Claro

Oscuro

Desde principios del 77, estoy tratando de convencer a la parte más culta y sincera de la opinión de que la Constitución de la Monarquía de partidos, teniendo legalidad, no tiene legitimidad democrática. Ni por origen, ni por forma legal, ni por ejercicio. Y me importa aclarar, para no parecer utópico o imbécil, que mi denuncia no pretende, porque no puede, cambiar este Régimen por una República Constitucional. Lo que subvierto con mi palabra no es el orden político establecido, sino la errónea o falaz opinión que se tiene de él. Hablo como jurista político. Y, por respeto a la verdad, llamo a las cosas por su nombre propio. La forma de gobierno definida en la Constitución, una oligarquía de partidos sin separación de poderes, es la realidad sustancial y formal del poder político en España. Llamarle democracia supone un atentado al orden público del conocimiento y un desprecio de la realidad.

El lenguaje político, nacido para designar con nombres amables o despectivos, y no con voces descriptivas, las razones de mando y obediencia, carece de términos que expresen la diferencia entre realidad y apariencia. Llamarlas con el mismo nombre produce confusión. Y con un nombre amable, ilusión. El infantilismo de los gobernados se debe a la confusión del discurso sobre el tipo de gobierno que consienten, y a la ilusión de sus mentes sobre la realidad que viven. Los pueblos engendran opiniones favorables al régimen existente porque, en medio de la confusión, nada les gusta tanto como hacerse ilusiones sobre su propia importancia.
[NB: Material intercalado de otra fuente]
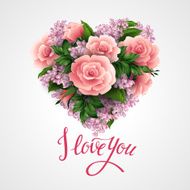Valentines day vector illustration with a heart of beautiful flowers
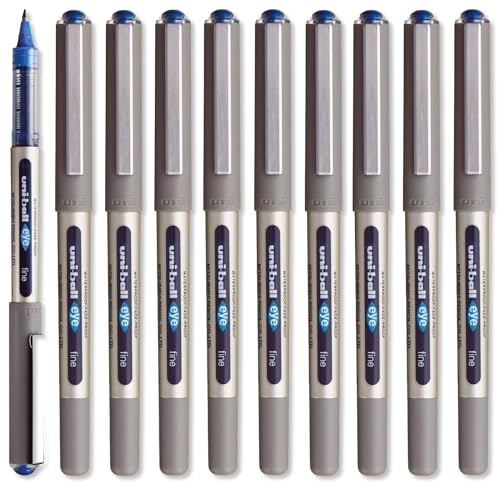 uni-ball - Uni Mitsubishi Pencil 10 Eye-Fineliner-Stifte UB-157 Tintenroller mit flüssiger Tinte blau Spitze 0 7 mm Schreiben Medium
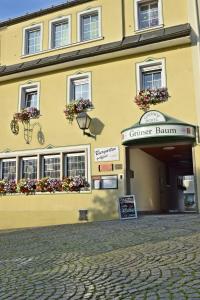 a yellow building with flower boxes on the front of it at Hotel Grüner Baum in Naila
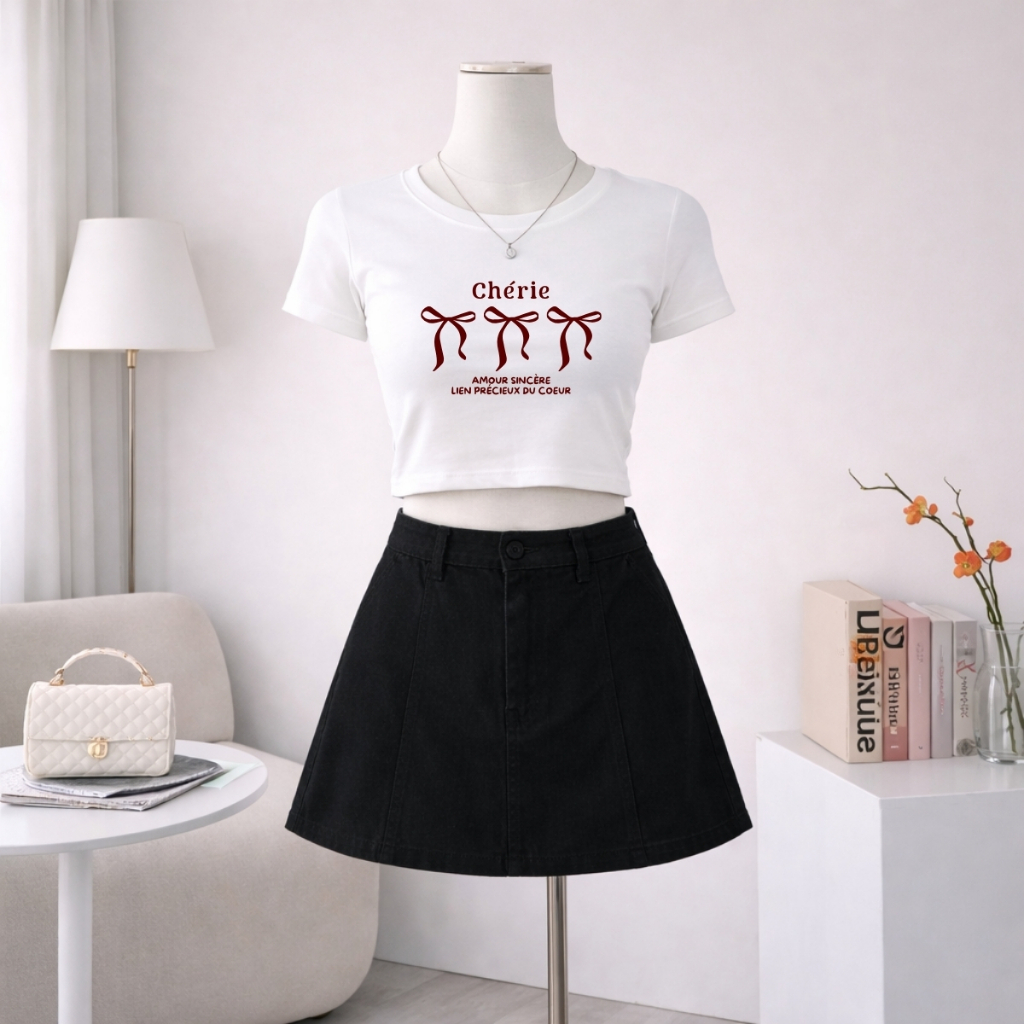 Áo croptop nữ hình 3 nơ Chérie dáng ôm chất thun cotton local brand WETEE - WC1162
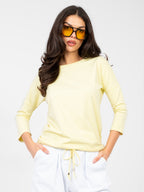 XS / Giallo Blusa Casual in Cotone con Maniche a 3/4 e Nodo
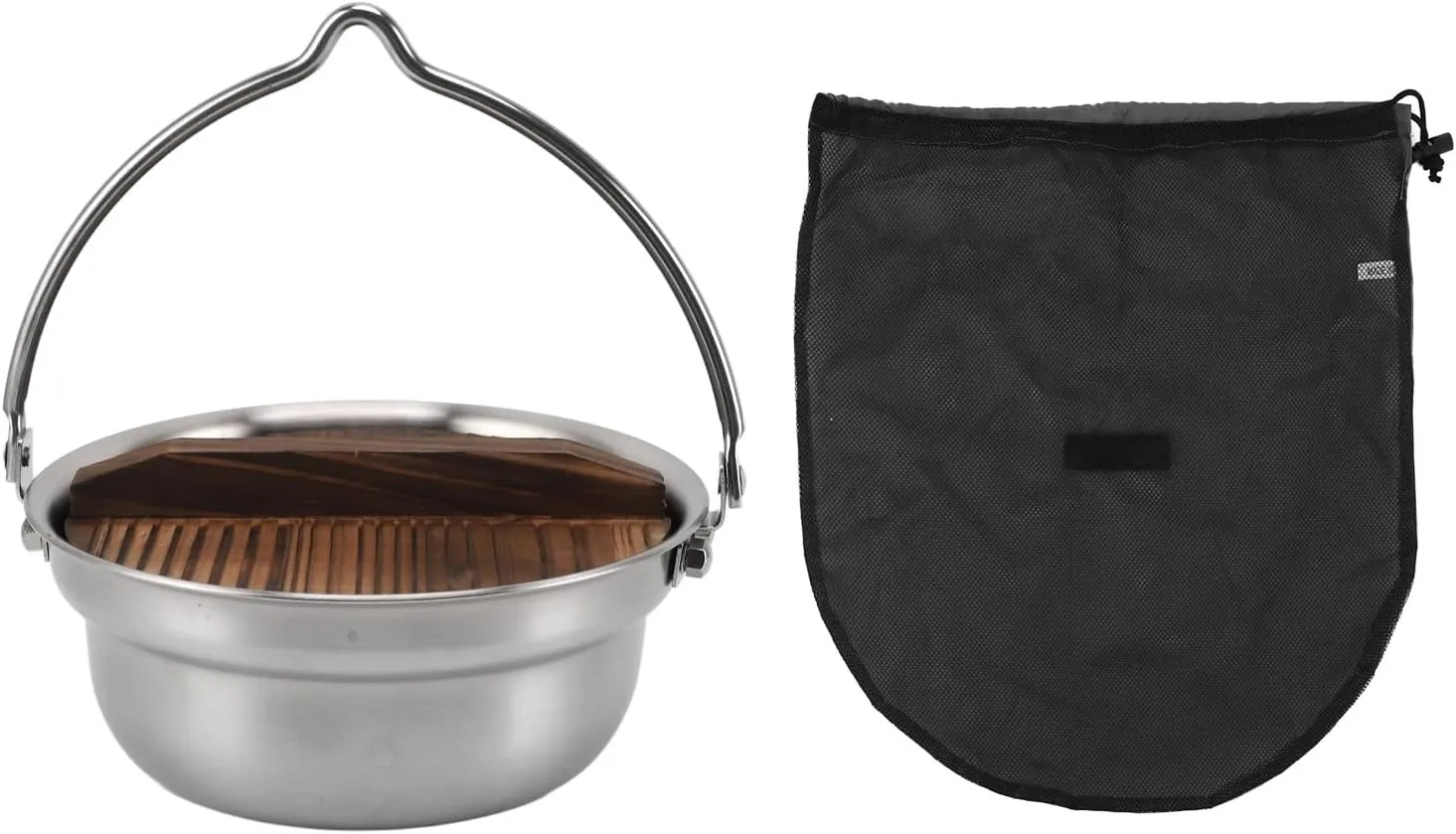 EVGATSAUTO Camping Pot Cookware, 304 Stainless Steel Hanging Camping Pot, for Walking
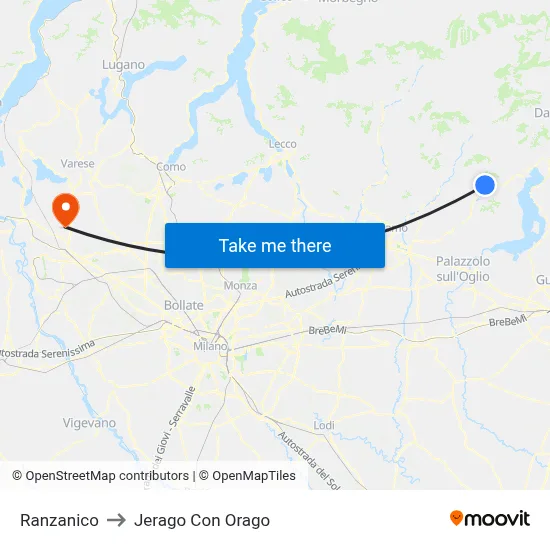 Ranzanico to Jerago Con Orago map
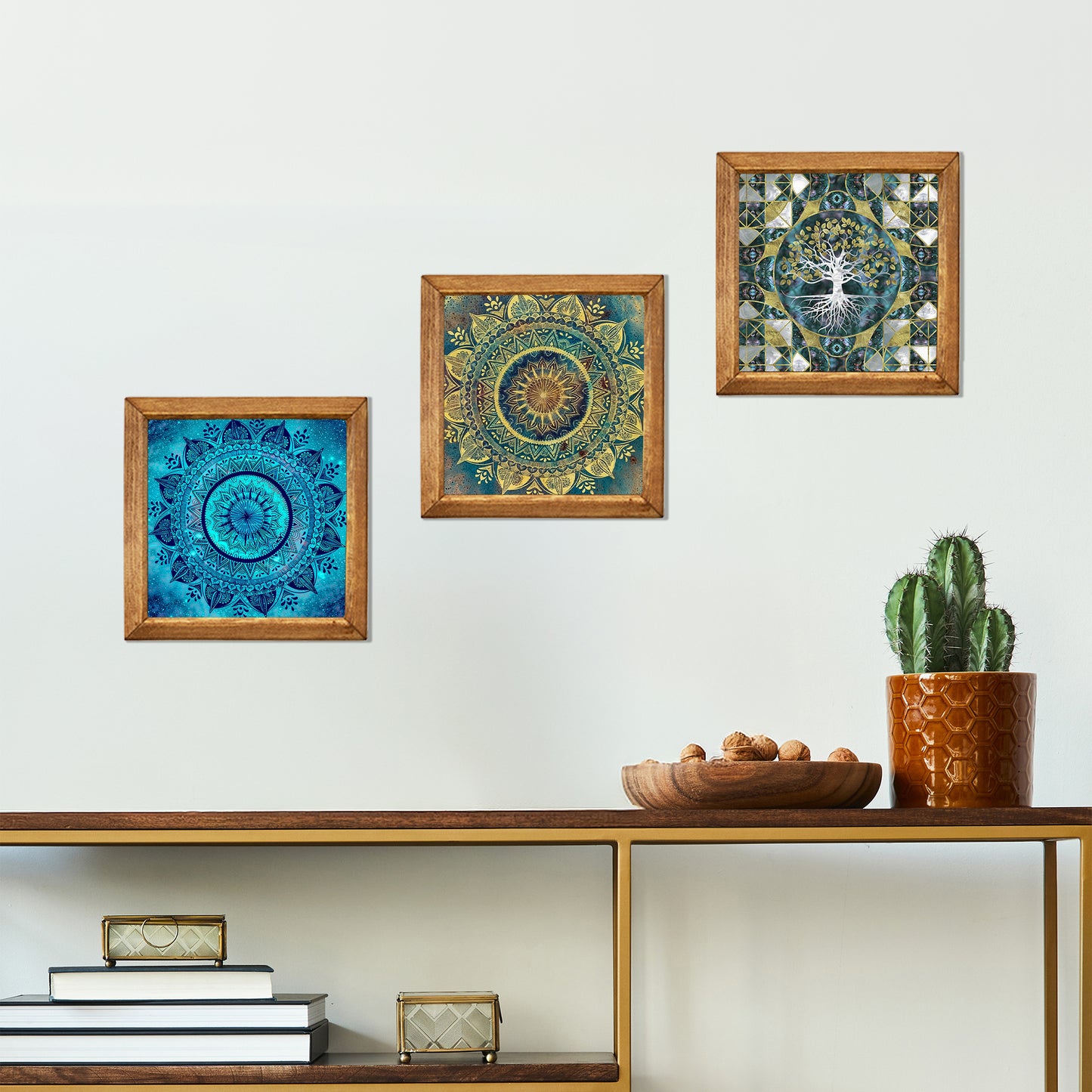 Mandala & Tree of Life Trio Natural Stone Wall Art – Wood Frame Set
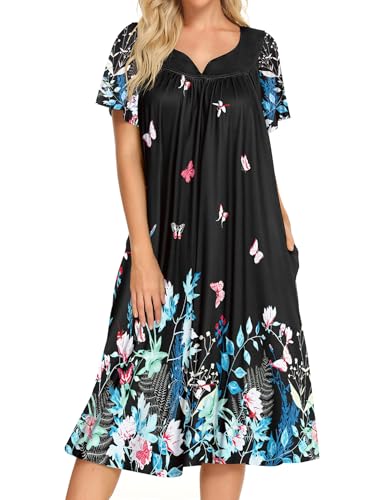 Image of Bloggerlove Mumu House Dress for Women with Pockets Short Sleeve Nightgowns | 15% Cotton, 80% Polyester, 5% Spandex, Floral Mumu House Dress, V-Neck, Short Sleeves, Midi Length, 2 Side Pockets, Lounging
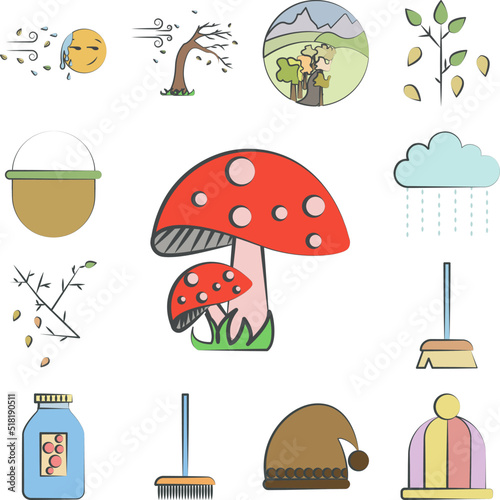 Red mushroom colored hand drawn icon in a collection with other items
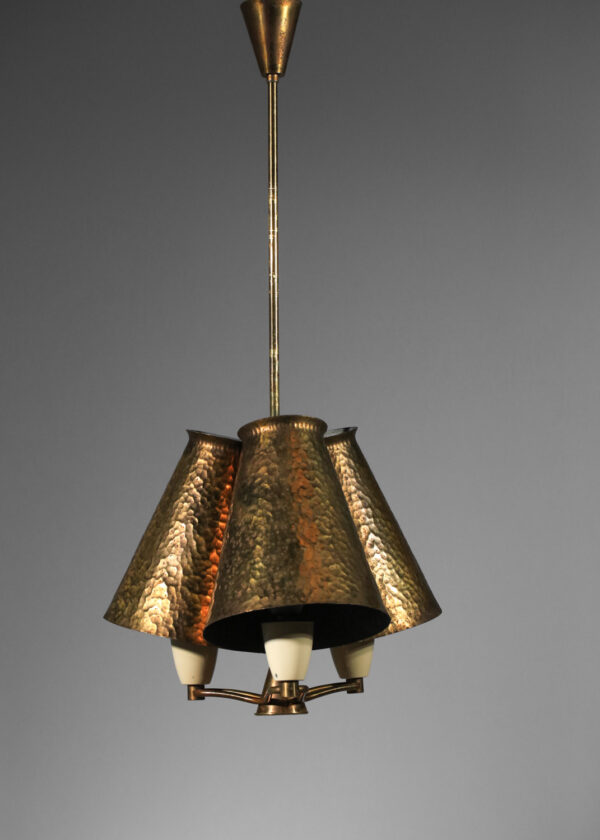 petit lustre suspension italien en zinc laitonné années 50 - H560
Creen lo que dicen los gobernantes, sin atender a lo que hacen. Ejemplos: “la dictadura es democracia orgánica y la oligarquía de partidos, democracia representativa”.

La pobreza del lenguaje político no sólo es consecuencia, sino también causa de la miseria del conocimiento sobre el poder. La ofuscación del vocabulario y la neblina que vela la realidad en las gafas ideológicas del observador, explican la falta de una ciencia que nos ayude a salir de la oscuridad de las razones que nos damos para obedecer a cualquier clase de gobierno. De ahí la importancia del estudio de las formas para conocer la realidad de poder que traducen. La forma jurídica del poder constituye una capa de realidad menos profunda, pero no menos real, que la de los estratos sociales de donde emerge. Y aunque pocas personas pueden conocer la realidad sustancial de tales estratos, todos los gobernados podrían ver la realidad formal del gobierno, sin dejarse engañar por la propaganda, si pusieran en la política el mismo grado de interés que en los temas familiares o económicos. Nadie podría, entonces, llamar democrática, sin ser tachado de mentiroso, a la Constitución y a la vida oligárquica del Estado de partidos.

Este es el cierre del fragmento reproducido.